I can access the external function from a DLL dynamically loaded using the LoadLibrary() function. Once the library is loaded I can obtain a pointer to the function using GetProcAddress() I want to call the function with the arguments specified on the command line.
Can I pass a void-pointer-list to the function-pointer which I got returned by the LoadLibrary() function similar to the example below?
To keep the example code simple, I deleted the error-checking. Is there a way to get something like this working:
//Somewhere in another dll
int DoStuff(int a, int b)
{
return a + b;
}
int main(int argc, char **argv)
{
void *retval;
void *list = argv[3];
HMODULE dll;
void* (*generic_function)(void*);
dll = LoadLibraryA(argv[1]);
//argv[2] = "DoStuff"
generic_function = GetProcAddress(dll, argv[2]);
//argv[3] = 4, argv[4] = 7, argv[5] = NULL
retval = generic_function(list);
}
If I forgot to mention necessary information, please let me know.
Thanks in advance
You need to cast the function pointer returned by LoadLibrary to one with the right argument types before calling it. One way to manage it is to have a number call-adaptor functions that do the right thing for every possible function type you might want to call:
void Call_II(void (*fn_)(), char **args) {
void (*fn)(int, int) = (void (*)(int, int))fn_;
fn(atoi(args[0]), atoi(args[1]));
}
void Call_IS(void (*fn_)(), char **args) {
void (*fn)(int, char *) = (void (*)(int, char *))fn_;
fn(atoi(args[0]), args[1]);
}
...various more functions
Then you take the pointer you got from GetProcAddress and the additional arguments and pass them to the correct Call_X function:
void* (*generic_function)();
dll = LoadLibraryA(argv[1]);
//argv[2] = "DoStuff"
generic_function = GetProcAddress(dll, argv[2]);
//argv[3] = 4, argv[4] = 7, argv[5] = NULL
Call_II(generic_function, &argv[3]);
The problem is that you need to know what the type of the function you're getting the pointer for is and call the appropriate adaptor function.
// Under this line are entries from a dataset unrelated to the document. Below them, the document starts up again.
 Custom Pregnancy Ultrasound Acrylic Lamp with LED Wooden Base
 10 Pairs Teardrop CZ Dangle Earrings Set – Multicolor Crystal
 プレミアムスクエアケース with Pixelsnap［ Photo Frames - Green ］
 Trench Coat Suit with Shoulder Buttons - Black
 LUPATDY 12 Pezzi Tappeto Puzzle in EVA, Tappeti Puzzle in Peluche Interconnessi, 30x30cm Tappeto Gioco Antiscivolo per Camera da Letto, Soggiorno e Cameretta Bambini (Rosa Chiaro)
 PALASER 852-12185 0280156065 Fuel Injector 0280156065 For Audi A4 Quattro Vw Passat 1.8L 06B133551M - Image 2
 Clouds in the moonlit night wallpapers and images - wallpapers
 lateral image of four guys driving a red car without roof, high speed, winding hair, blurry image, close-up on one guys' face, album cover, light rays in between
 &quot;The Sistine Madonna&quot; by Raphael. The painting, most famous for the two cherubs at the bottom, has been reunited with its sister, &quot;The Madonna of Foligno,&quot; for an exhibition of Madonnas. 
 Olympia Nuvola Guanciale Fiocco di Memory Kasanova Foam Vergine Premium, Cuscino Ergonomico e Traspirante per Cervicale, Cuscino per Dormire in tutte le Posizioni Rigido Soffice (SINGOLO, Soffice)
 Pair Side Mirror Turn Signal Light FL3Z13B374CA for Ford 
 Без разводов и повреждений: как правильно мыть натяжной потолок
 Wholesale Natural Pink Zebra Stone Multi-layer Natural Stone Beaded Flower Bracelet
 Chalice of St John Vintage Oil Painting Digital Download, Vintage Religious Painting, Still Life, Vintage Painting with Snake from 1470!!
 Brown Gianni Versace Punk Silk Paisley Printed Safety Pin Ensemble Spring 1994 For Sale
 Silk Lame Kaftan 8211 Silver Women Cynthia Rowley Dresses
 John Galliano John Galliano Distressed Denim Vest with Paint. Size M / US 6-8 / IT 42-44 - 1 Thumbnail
Which generally means making a table of function name/adaptors and doing a lookup in it.
The related problem is that there's no function analogous to GetProcAddress that will tell you the argument types for a function in the library -- that information simply isn't stored anywhere accessable in the dll.
A library DLL contains the object code for the functions that are part of the library along with some additional information to allow the DLL to be usable.
However a library DLL does not contain the actual type information needed to determine the specific argument list and types for the functions contained in the library DLL. The main information in a library DLL is: (1) a list of the functions that the DLL exports along with the address information that will connect a call of a function to the actual function binary code and (2) a list of any required DLLs that the functions in the library DLL use.
You can actually open a library DLL in a text editor, I suggest a small one, and scan through the arcane symbols of the binary code until you reach the section that contains the list of functions in the library DLL as well as other required DLLs.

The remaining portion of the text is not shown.